Quick answer: Clipboard image data is OS-specific (DIB/BMP on Windows, PNG/TIFF on macOS). Call scrap.get_types(), pick a format you can decode, and feed the bytes through pygame.image.load with a BytesIO.

A level editor lets users paste a reference image. scrap.get(SCRAP_BMP) returns bytes that won’t decode — the OS put a different format on the clipboard.

Inspect Available Types

pygame.scrap.init()
for t in pygame.scrap.get_types():
    print(t)
# Windows: "image/bmp", "CF_DIB", ...
# macOS:   "public.png", "public.tiff", ...

Don’t assume a format — ask the clipboard what it actually holds.

Decode the Matching Format

import io

def paste_image():
    types = pygame.scrap.get_types()
    for fmt in ("image/png", "public.png", "image/bmp"):
        if fmt in types:
            data = pygame.scrap.get(fmt)
            if data:
                return pygame.image.load(io.BytesIO(data))
    return None

Try formats in priority order; load the first one that’s present. pygame.image.load handles a BytesIO stream directly.

Windows DIB Caveat

Windows often offers CF_DIB — a headerless device-independent bitmap.

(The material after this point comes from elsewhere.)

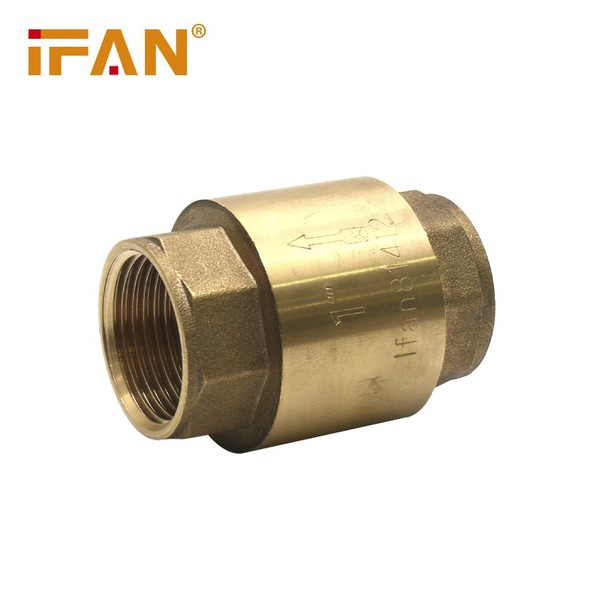 Vertical Check Valve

It needs a 14-byte BMP file header prepended before pygame.image.load will accept it. Prefer image/png if the clipboard offers it.

Verifying

Copy an image in a browser, a paint app, and a screenshot tool. Each pastes into the editor correctly. Unsupported clipboard contents fail gracefully (return None).

“Clipboard image formats are OS-specific. Enumerate types, decode the one you support.”

For cross-platform tools, PNG is the most reliable common denominator — prefer it whenever the clipboard offers it.